Il ritorno del piano sequenza

(El Pais) Una delle tecniche più antiche del cinema è tornata prepotentemente sotto i riflettori: il piano sequenza tra virtuosismo tecnico e valore narrativo.

Non è un caso isolato, ma una vera e propria tendenza che abbraccia cinema e serie tv, dagli episodi di “Adolescence” al film “8” di Julio Medem, dalla nuova stagione di “Separation” al fantasmatico “Presenza” di Steven Soderbergh. Anche progetti come “Better Man, Daredevil: Born Again” e “The Studio” scelgono di aprirsi con lunghe riprese senza tagli, attirando l’attenzione di spettatori e cinefili.

Già i fratelli Lumière…

Ma il piano sequenza non è affatto una novità. I fratelli Lumière giravano già senza tagli, mostrando piccoli frammenti di vita reale. Alfred Hitchcock cercò di simulare questa continuità con “Nodo alla gola” nel 1948, superando i limiti tecnici dell’epoca con astuzia. Oggi, grazie al digitale, le possibilità sono infinite: da “Birdman” di Iñárritu a 1917 di Sam Mendes, passando per l’illusione continua di “Gravity” di Cuarón.

Per molti registi, il piano sequenza è “la forma più organica di narrazione”, come sostiene José Luis García Berlanga. La realtà si vive in sequenza, senza tagli, ed è questo senso di immediatezza e autenticità che la tecnica trasmette. Ma attenzione al rischio di virtuosismo fine a sé stesso: “La cosa principale è che non sia evidente”, avverte Berlanga, richiamando alla naturalezza del racconto.

Tecnica e sentimento

Serie come “The Studio” ironizzano sulla tecnica, definendola quasi un’esibizione narcisistica del regista. Eppure, per molti è “il cinema definitivo”, capace di fondere tecnica e sentimento. Seth Rogen lo difende: permette di seguire l’evoluzione emotiva di un personaggio in modo continuo, senza interruzioni, da “Figli degli uomini” a “Quei bravi ragazzi”.

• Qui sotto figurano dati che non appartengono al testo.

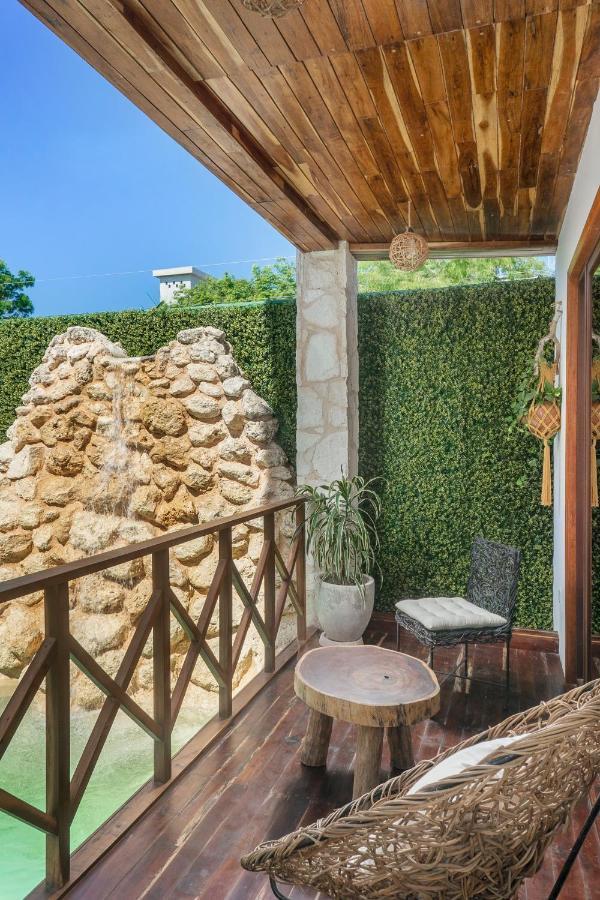 Lagoon Boutique Hotel - Luxury Chaman Experience Тулум Екстериор снимка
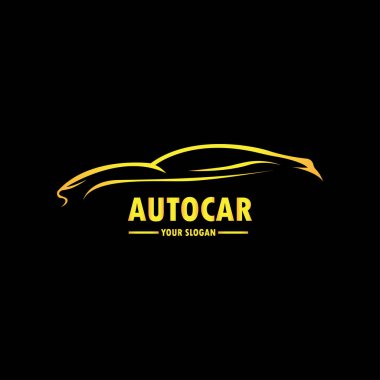 Araba logo vektör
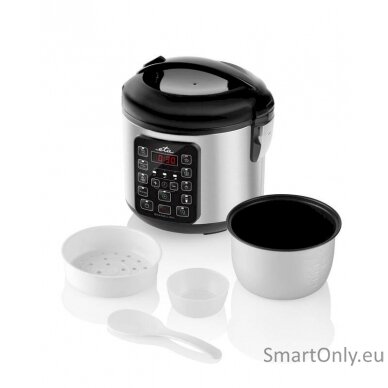 ETA Rice cooker ETA413190000 Granellino 500 W 1.5 L Number of programs 9 Stainless steel/Black 5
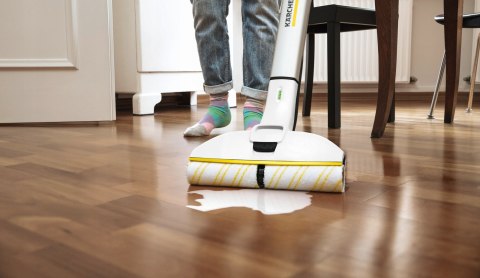 Karcher Ewm 2 Bezprzewodowy Mop Do Podłóg 20 Min. 60M², Kompaktowy I Lekki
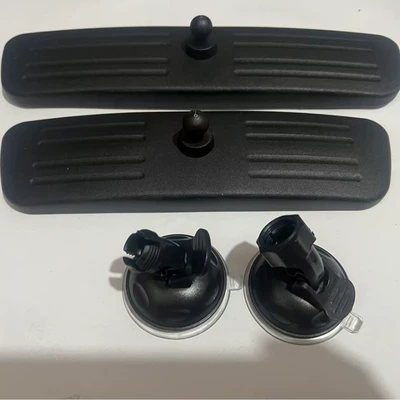 Large field of view rear view auxiliary mirror mirror plane mirror powerful large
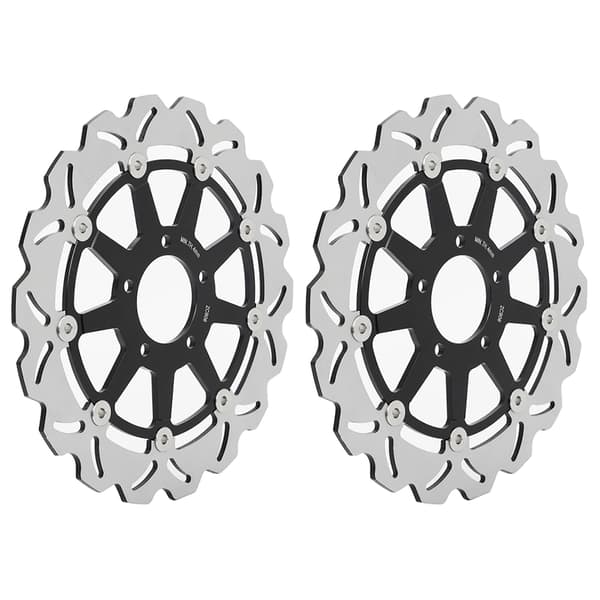 Bremseplader, Højtydende Design, Holdbart Rustfrit Stål,GSX1300R 99-07 A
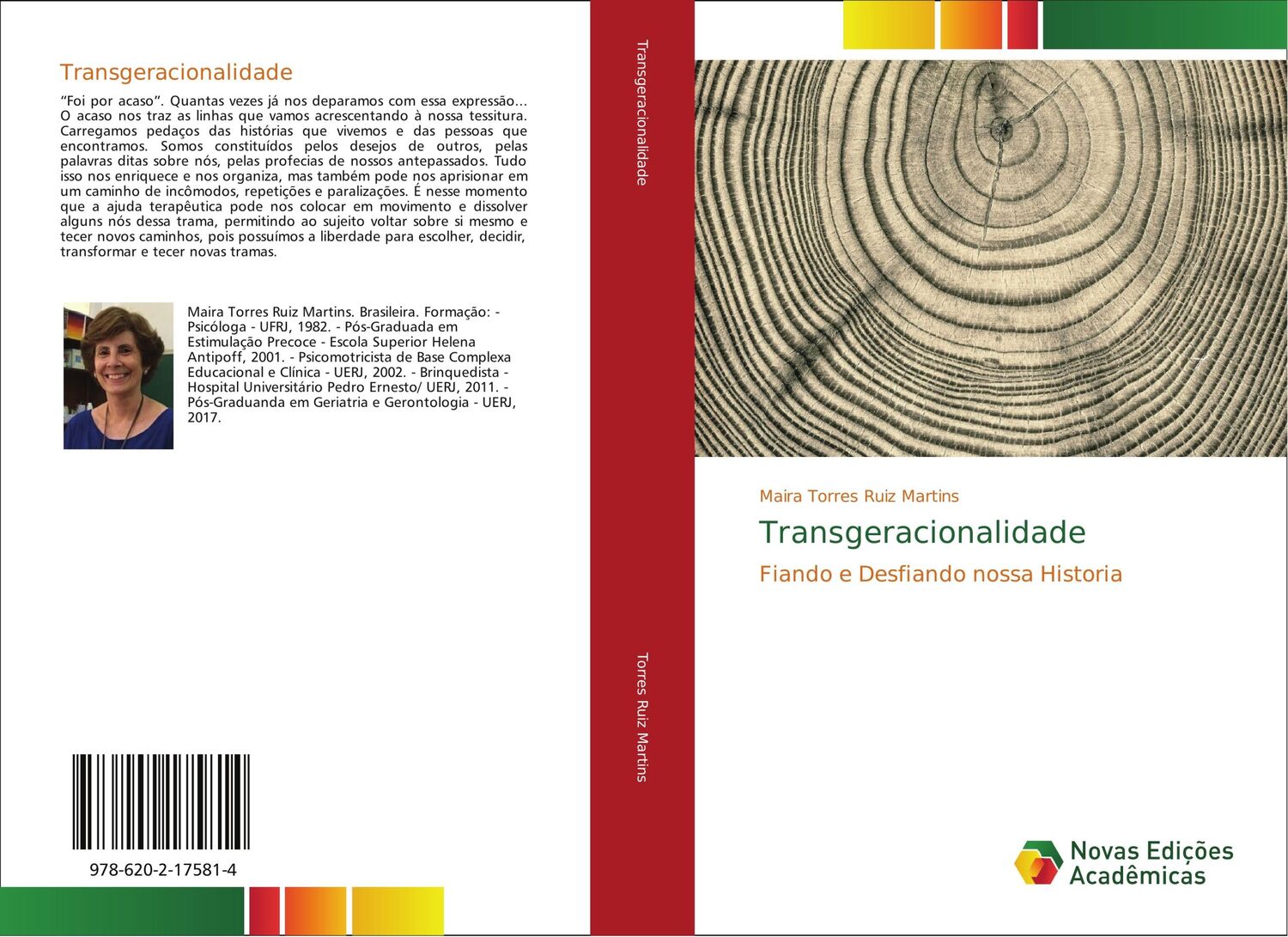 Cover: 9786202175814 | Transgeracionalidade | Fiando e Desfiando nossa Historia | Martins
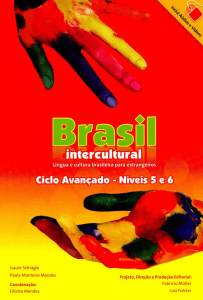 Brasil Intercultural: Curso Avançado de Português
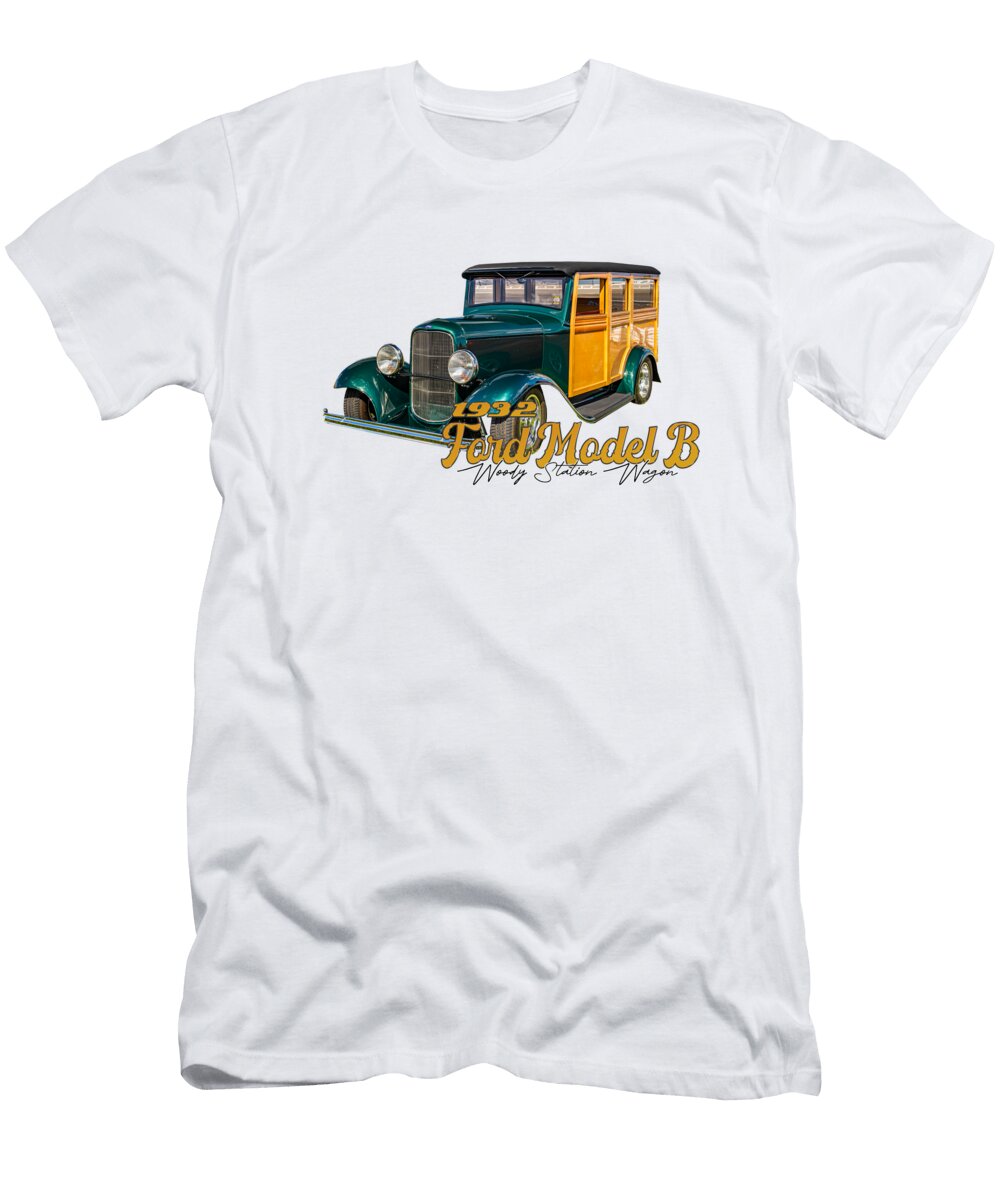 5528 32 Gestalt Imagery T-Shirt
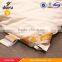 30 year industry home textile five star all seasons goose down duvet High quality 100% duck feather duvet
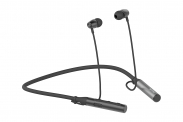 Philips Upbeat TAN2215BK Bluetooth 5.0 Neckband with 11 Hrs of Playtime, IPX4 Splash Proof Design, Magnetic Eartips and Built-in Mic (Black)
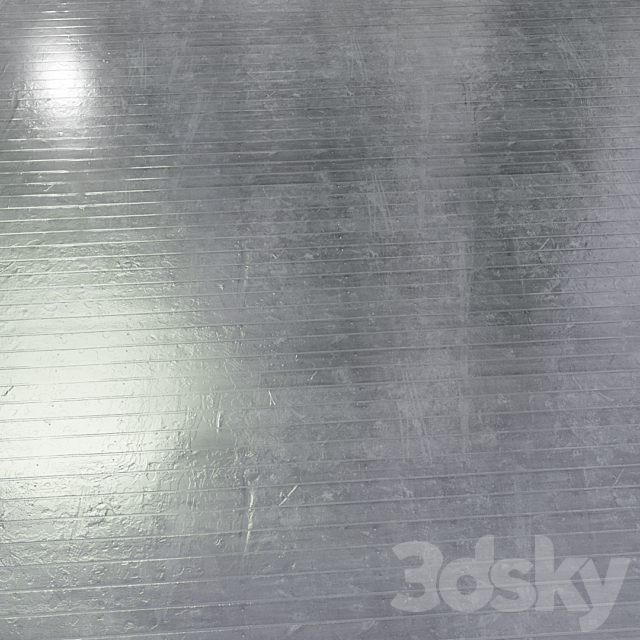 Wet Wood Floor Texture 3DSMax File - thumbnail 1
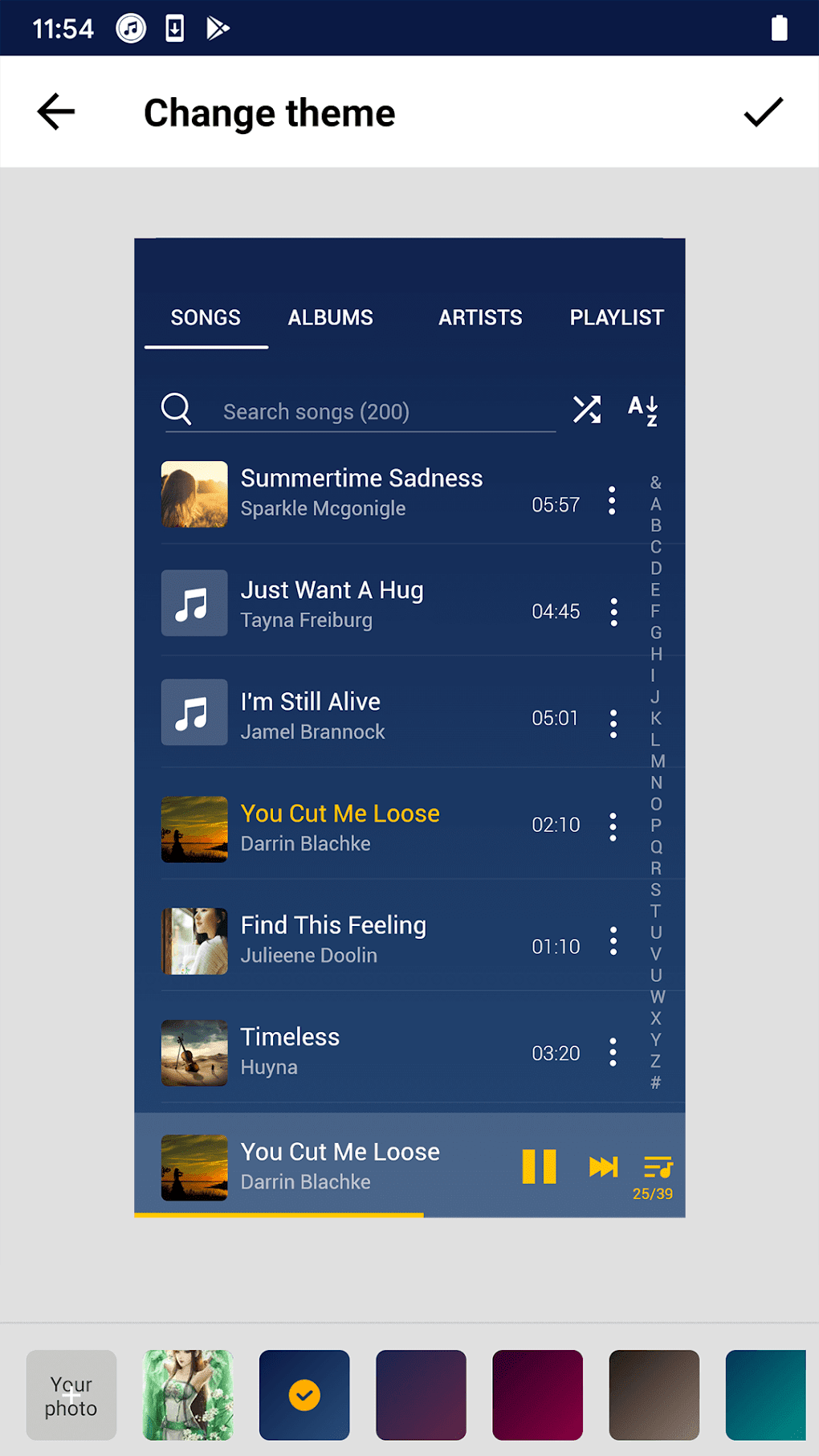 FREEMUSIC© MP3 Music Player 19.29 Free Download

Dietro questi piani sequenza si nasconde un lavoro tecnico e attoriale titanico. In “Adolescence”, ogni episodio è stato girato dieci volte, coinvolgendo centinaia di comparse, salti da finestre e riprese con droni. È la cosa più vicina al teatro dove una sequenza di 45 minuti trasmette stanchezza e intimità. L’errore è sempre dietro l’angolo, ma l’energia è unica.